Die derde generatie, de twee zoons van Andries Levie, Alexander of Sander (1882-1951) en Theodoor of Theo (1888-1968) voltooien en consolideren de vestiging van een gerenommeerde herenkledingfabriek, onderdeel van één van de belangrijkste industriële bedrijfstakken in de noordelijke provinciehoofdstad.De groeikracht en dynamiek van het bedrijf blijken ook uit de vestiging van een verkooppunt en regenjassenatelier in Amsterdam, deconcentratie van de productie, eerst in de fabriek aan het Nieuwe Kerkhof en vervolgens in een nieuw bedrijfspand aan de W.A.Scholtenstraat, dat in 1930 in gebruik wordt genomen.In diezelfde jaren twintig is het bedrijf succesvol in de verkoop van regenjassen en later ook van kostuums onder het merk 'Santega' en wordt de crisis in de jaren dertig slagvaardig doorstaan door vasthoudend voor kwaliteit (het Council-kostuum) te blijven kiezen. In dit decennium wordt -na het veroveren van de binnenlandse markt- door de Nederlandse confectiefabrikanten zelfs een behoorlijke export gerealiseerd. Groningen is dan de stad geworden van de kwaliteitsconfectie (herenkleding) en het in 1925 naamloze vennootschap geworden bedrijf van Alexander en Theo Levie is in die ontwikkeling toonaangevend geweest. *  .Van de 31 confectiebedrijven in Groningen tellen er dan reeds zeventien 50 of meer personeelsleden.
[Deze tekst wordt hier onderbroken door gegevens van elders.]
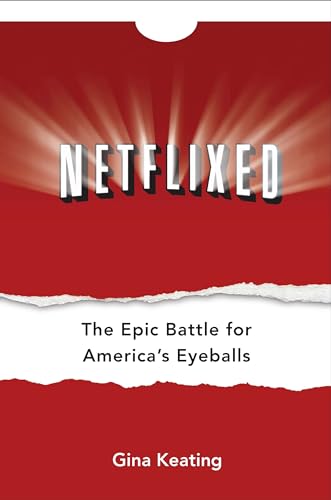 Netflixed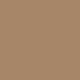 Benjamin Moore Chowning’s Tan CW-195 Benjamin Moore Chowning’s Tan CW-195 paint color
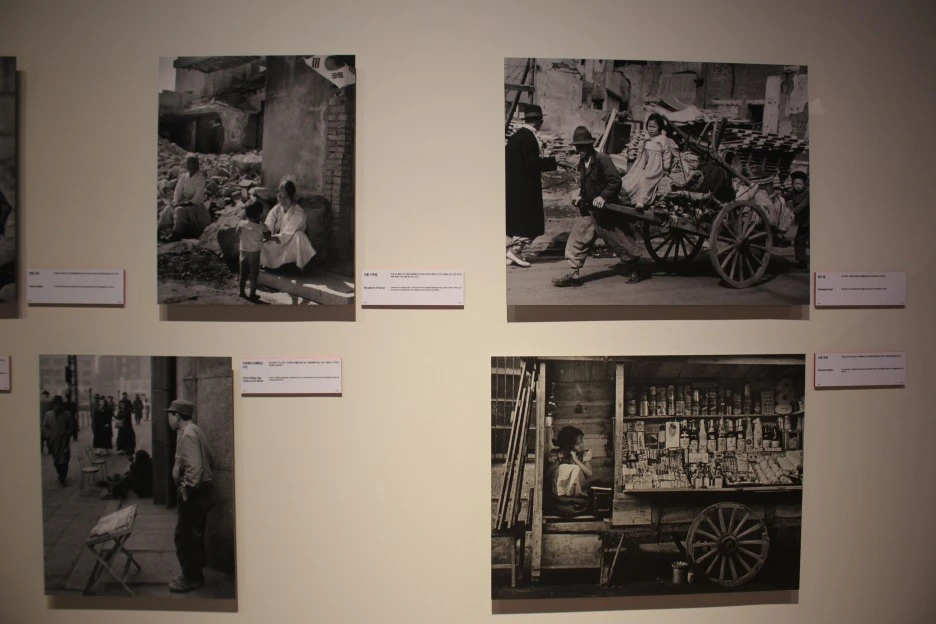 %EC%82%AC%EC%A7%846.JPG?type=w1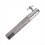 Cymbal Stand Arm Counterweight Easy Installation 1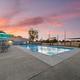 Campspot slideshow image 2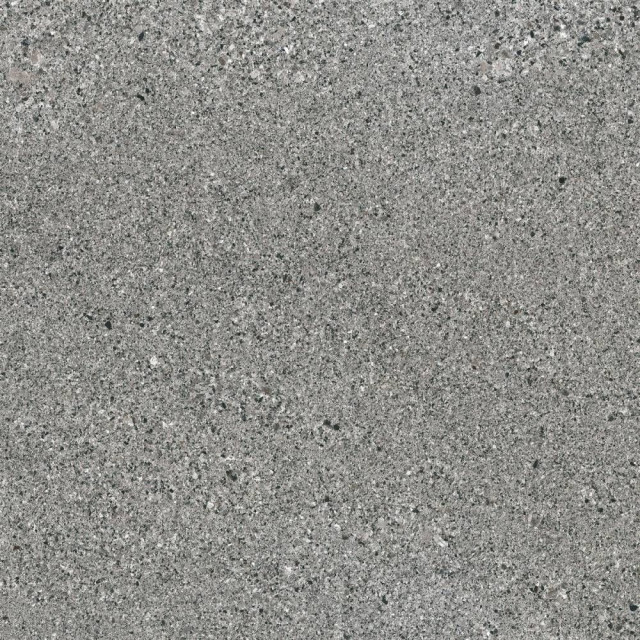 Exagres Base Milan Gris Antislip 33х33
Tijdens de bezetting worden de aandelen door een Duits bedrijf overgenomen, de statuten gewijzigd, de naam veranderd in 'Herenkledingfabrieken Santega NV', de Joodse werknemers ontslagen en omgebracht, de directeur G. Burrie gevangengezet en het bedrijf zelf leeggeplunderd. Na de bevrijding bevechten de teruggekeerde G.Burrie en Th.Levie, gesteund door M.Levie en D. Simons rechtsherstel en wederopbouw. De problemen zijn talrijk: een verouderd of door de bezetter ontmanteld machinepark, gebrek aan voldoende ervaren personeel en een achterstand in ontwikkeling en technische vernieuwing ten opzichte van exporterende landen als Zweden, Zwitserland en Amerika, waar bovendien veel meer gehuwde vrouwen zich op de arbeidsmarkt begeven.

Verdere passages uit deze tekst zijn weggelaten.